So living is going with the flow of life, it is a constant movement, and so is our understanding of the universe and of ourselves an ongoing process. As Bruce Lee says:” to change with the change is the changeless state” (Little, 1996, p.20).

It is a condition of ‘changeless change’ that is the true state of our bodies internal environment. Lee’s aphorism serves to underscore the principle of Yin/Yang, or the interdependency of apparent opposites, as the sine qua non for the survival of our bodies. Our bodies, however are simply reflections in miniature of the natural laws that regulate the ebb and flow of the cosmic universe of which they are part. This being the case, it becomes possible for us to learn to understand the way of the world without by taking a look at the way of the world within.
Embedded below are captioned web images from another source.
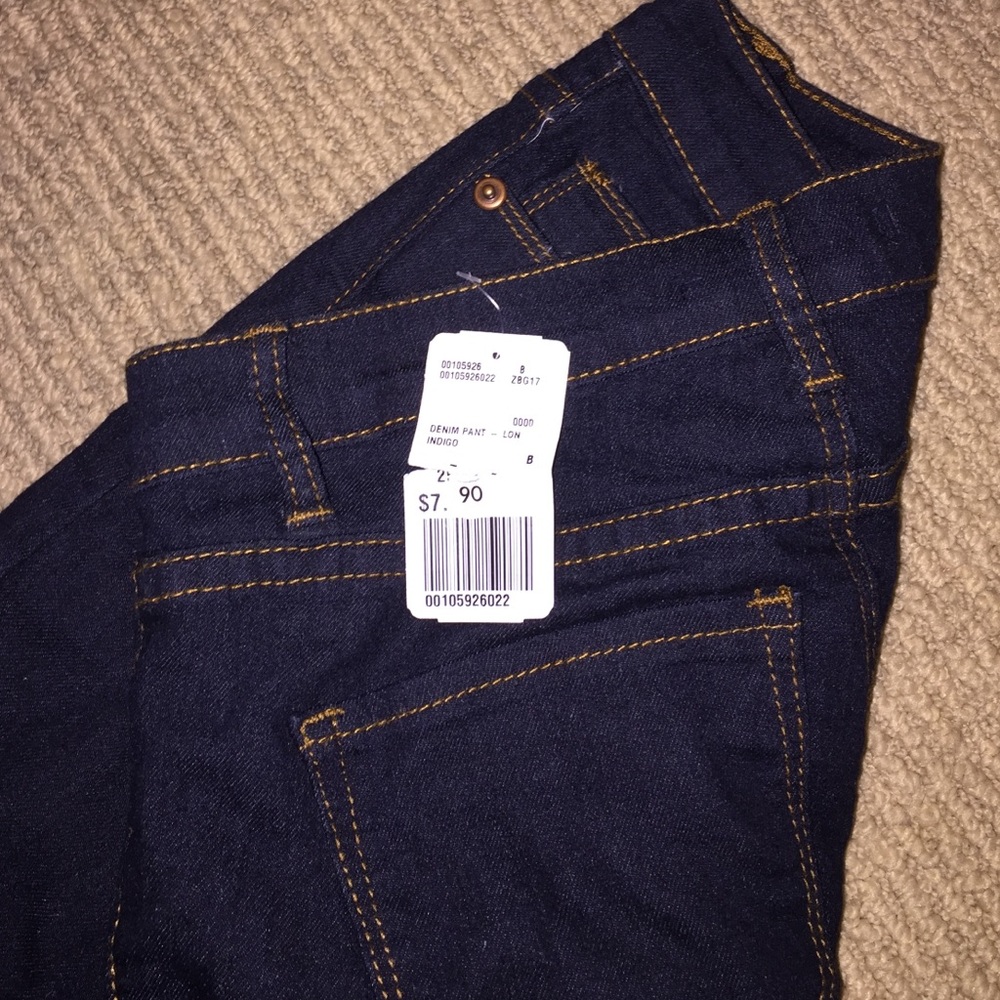 Jeans - Picture 2 of 2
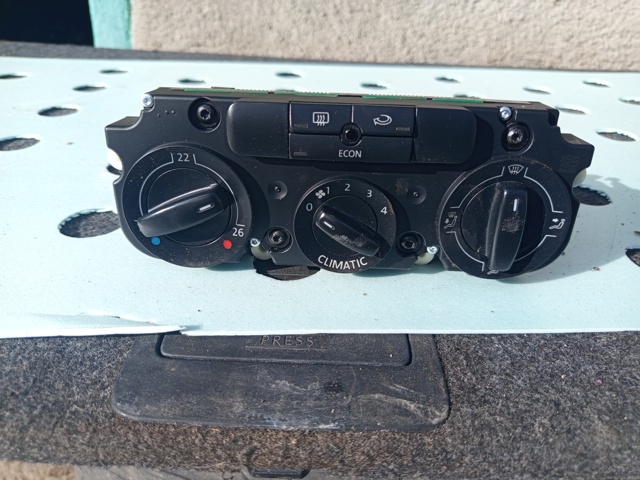 Регулятор вентилятора отопителя 5M1820045 VAG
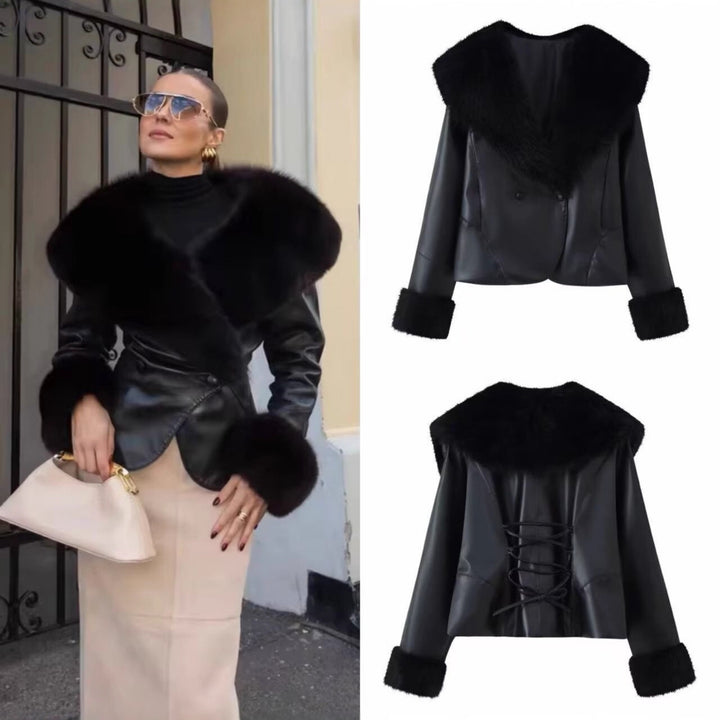 Damen Kurzjacke aus Kunstleder mit voluminösem Faux-Fur-Kragen und Fellmanschetten Drune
To this end, Lao-tzu (circa 600 B.C.), the legendary founder of Taoism, made this observation:

One may know the world without going out of doors.

One may see the way of Heaven without looking through the windows.

(Little, 1996, p.20)

So the purpose or meaning of one’s life can come from within, from a process of introspection and self-understanding. Through a process of getting to know all there is about the real you, physically, intellectually, emotionally, spiritually, and the constant flux within all this.

[…] there is an art of self-knowledge, which each person has to develop for himself. This art must lead one to be sensitive of how his basically false approach to life is always tending to generate conflict and confusion. The role of art here is therefore not to provide a symbolism, but rather to teach the artistic spirit of sensitive perception of the individual and particular phenomena of one’s own psyche. […] Such an approach is not possible, however unless one also has the spirit that meets life wholly and totally. […] It would seem, then, that in some ways the modern person must manage to create a total approach to life, which accomplishes what was done in earlier days by science, art, and religion, but in a new way that is appropriate to modern conditions of life. (Bohm, 1996, p.37-38)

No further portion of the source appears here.